Subsequent calls to UnitSquareMesh(4, 4) produce different meshes (with SCOTCH partitioner). On the other hand dofmap reordering (using SCOTCH) seems to be fine. Following script demonstrates the problem:

from __future__ import print_function
from dolfin import *

parameters.mesh_partitioner = 'SCOTCH'

comm = mpi_comm_world()
rank = MPI.rank(comm)

def create_mesh():
    mesh = UnitSquareMesh(4, 4)
    return mesh.num_vertices(), mesh.num_cells()

def create_dofmap(mesh=None):
    if not mesh:
        mesh = UnitSquareMesh(4, 4)
    V = FunctionSpace(mesh, "P", 1)
    return (mesh.num_vertices(), mesh.num_cells(),
            mesh.topology().hash(), mesh.geometry().hash(),
            V.dofmap().ownership_range())
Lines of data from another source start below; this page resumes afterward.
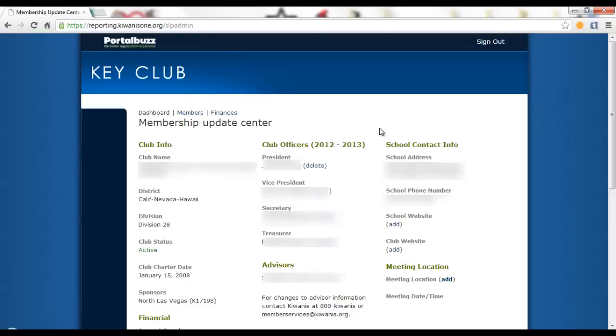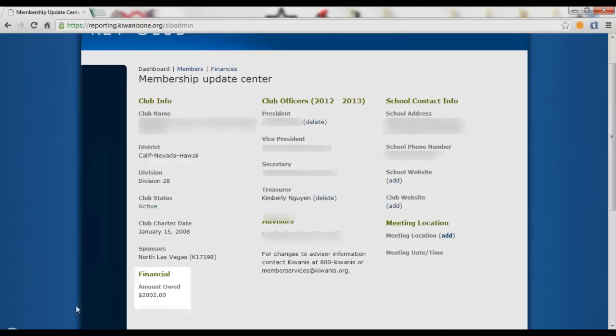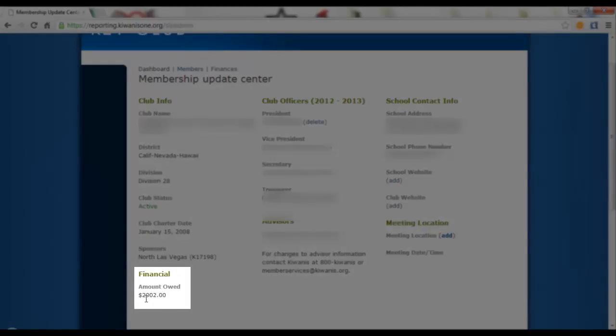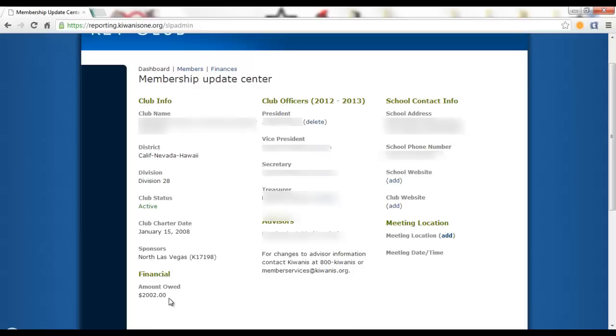Here you will find helpful and quick basic information regarding your club. It includes your club info, officers, school contact info, your faculty advisors, your meeting location and any financial issues regarding your club. This number here is the amount owed because International has not received dues from your club yet. Don't be worried if there is an amount here. Just wait until International processes your dues and this number should go away.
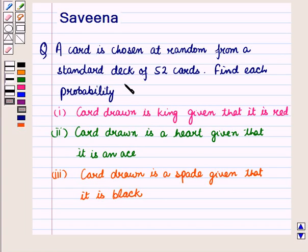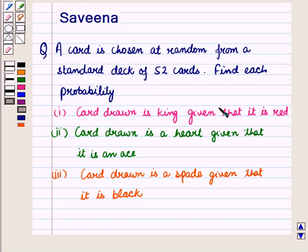Hello and welcome to the session. In this session we will discuss a question which says that a card is chosen at random from a standard deck of 52 cards. Find each probability. First, card drawn is king given that it is red. Second, card drawn is a heart given that it is an ace. And third, card drawn is a spade given that it is black.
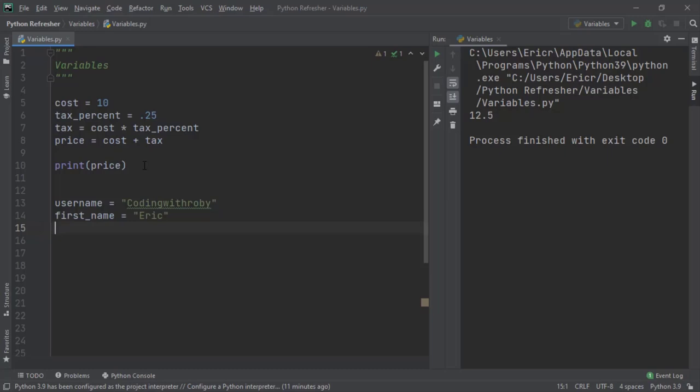Now strings in Python can use either single quotes or double quotes, but for most of the tutorials I'm going to be using double quotes. We can now print our username.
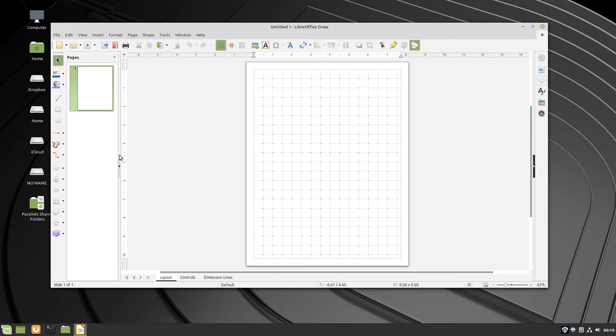Different categories of shapes in LibreOffice Draw are in the drawing toolbar that is usually on the left side of the window. Each one has a drop-down menu that reveals all the shapes in that category.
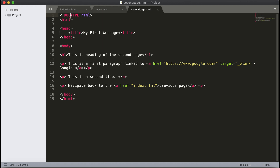Always add the DOCTYPE as the first line of your code so the browser knows what type of document to expect. When you define the DOCTYPE in your web page, the DOCTYPE HTML code needs to be written on all pages in order to get that page rendered correctly in the browser.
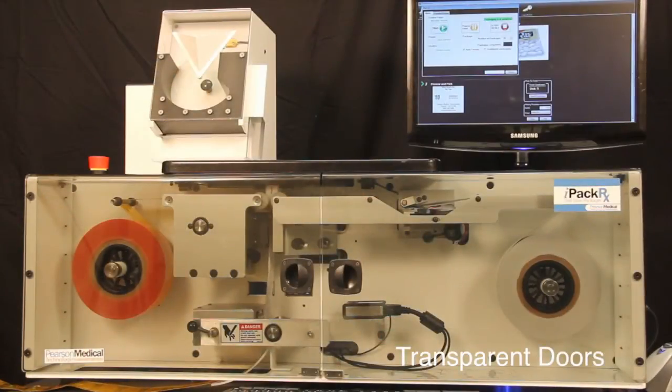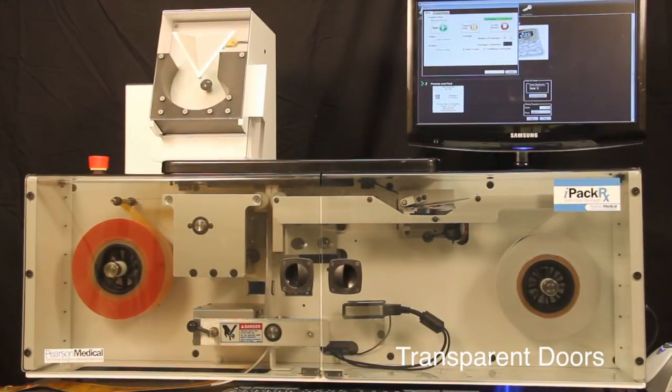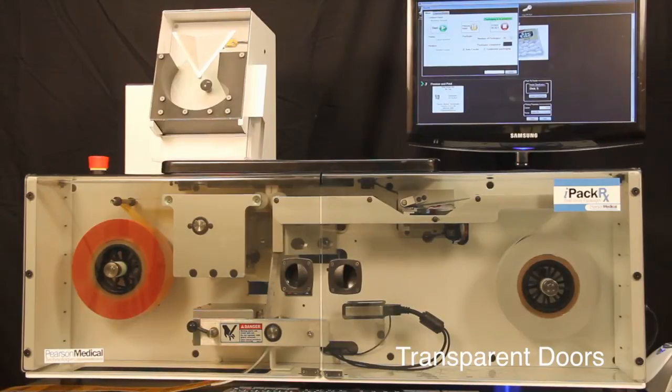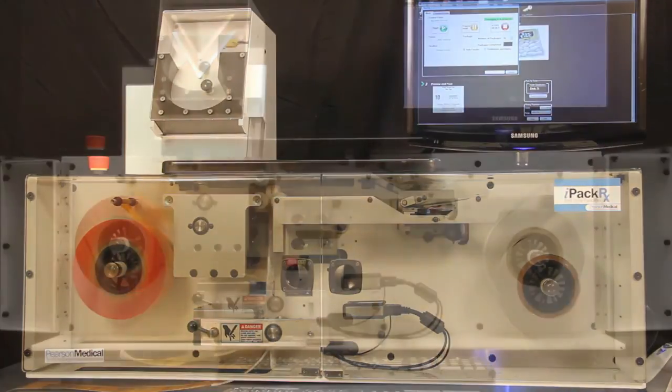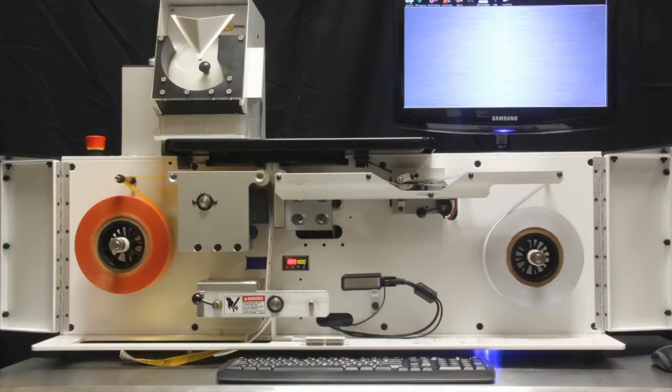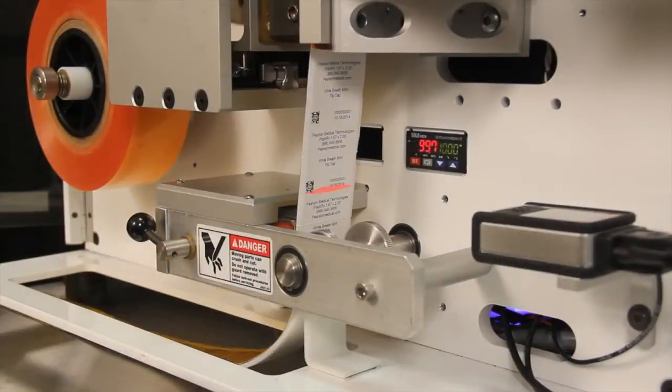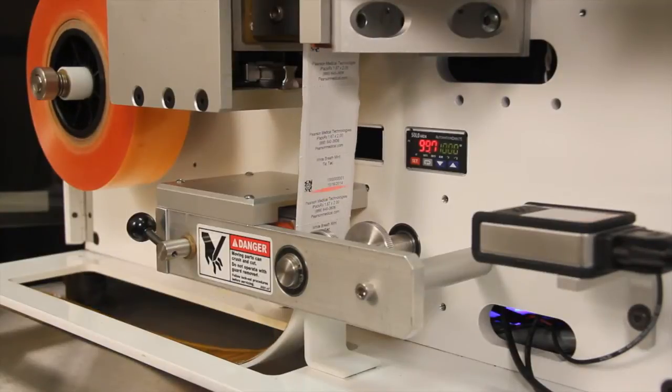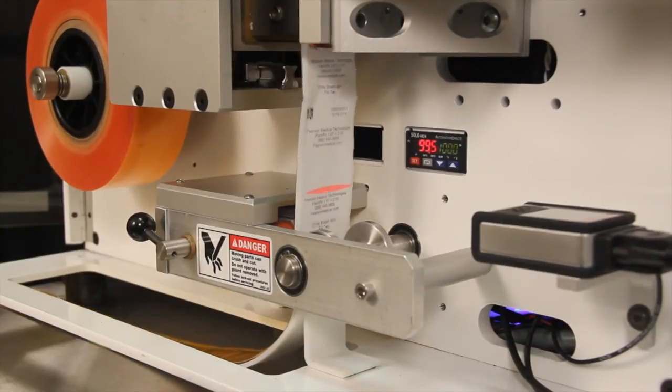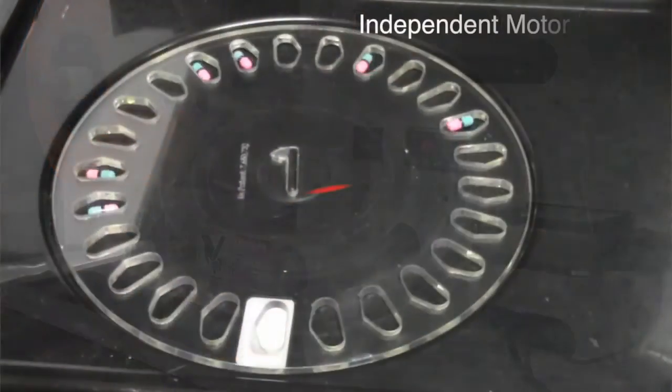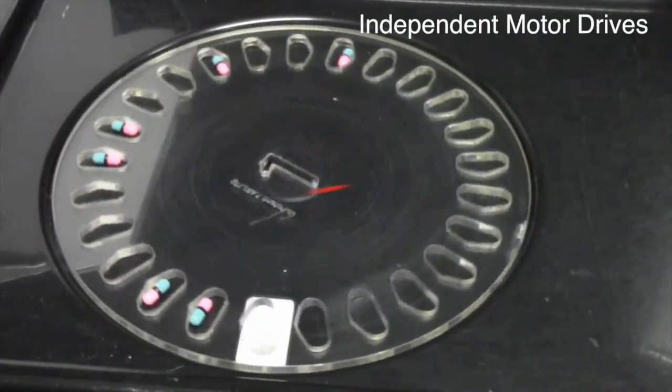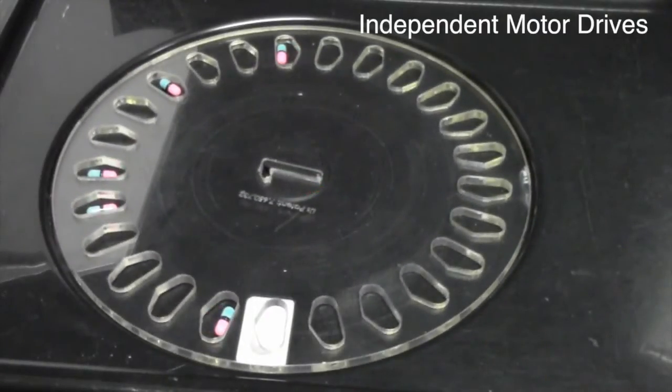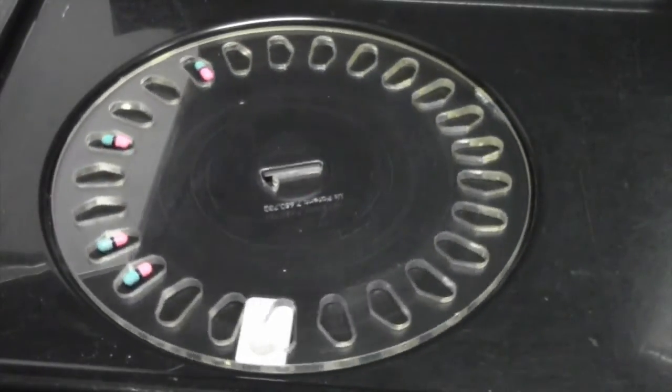Transparent doors safely enclose all packaging operations and halt packaging operations when opened. The doors swing completely out of the way to allow access for easy material loading and cleaning. The use of a direct thermal printer means no print ribbon is necessary, no running out of ink, and no changing ribbons. Independent motor drives on all moving parts allow for unprecedented flexibility and control in all packaging operations.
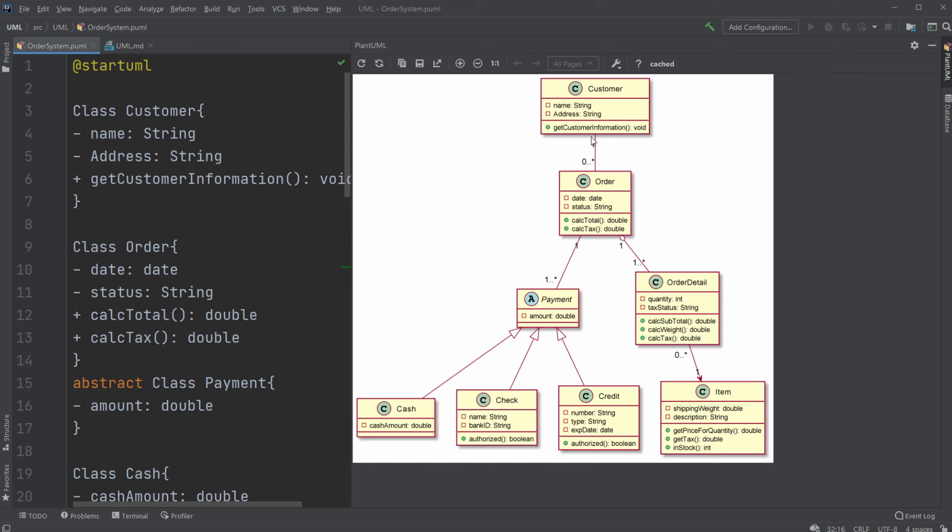And we can have one customer, but between zero and many orders connected to this customer. For an order, we can have an order detail. One order can have between one, so at least one or many order details.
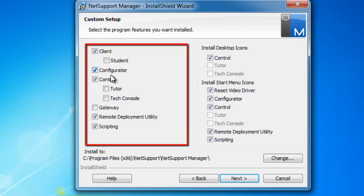We have a configurator option. As the name suggests, this is a tool provided to allow us to configure our client and software on the network, set our security parameters, what features are available, and so on. In many cases, the configurator we don't want to provide to each and every user.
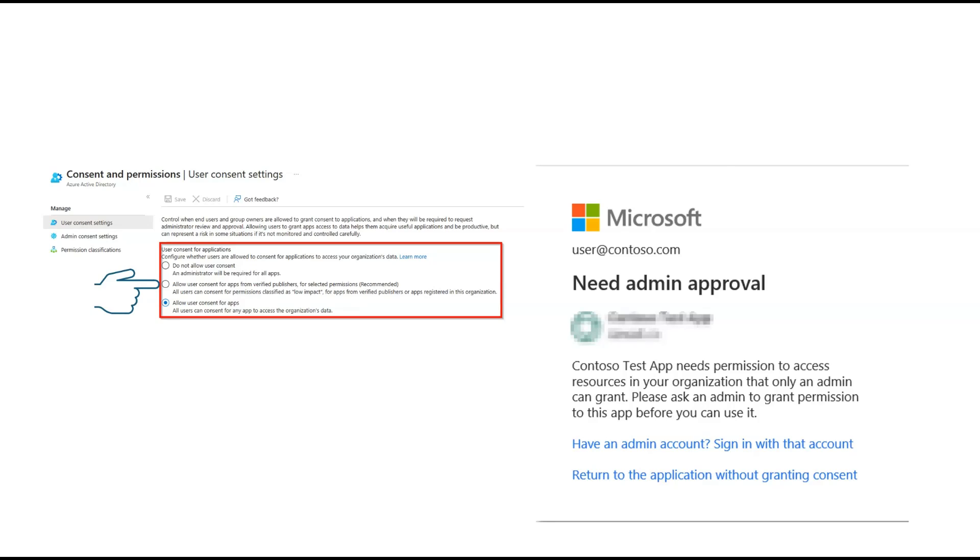As an administrator, you can choose whether user consent is allowed. If you choose to allow user consent, you can also decide what conditions must be met before an application can be consented by a user.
def test_determinism(func):
    result0 = func()
    while True:
        result1 = func()
        diff = int(result0 != result1)
        if MPI.max(comm, diff) > 0:
            print(rank, result0, result1)
            break

def main():
    print(rank, "Test mesh build")
    test_determinism(create_mesh)
    print()
    MPI.barrier(comm)

    print(rank, "Test mesh and dofmap build")
    test_determinism(create_dofmap)
    print()
    MPI.barrier(comm)

    print(rank, "Test dofmap build with static mesh")
    mesh = UnitSquareMesh(4, 4)
    test_determinism(lambda: create_dofmap(mesh=mesh))
    print()
    MPI.barrier(comm)

if __name__ == '__main__':
    main()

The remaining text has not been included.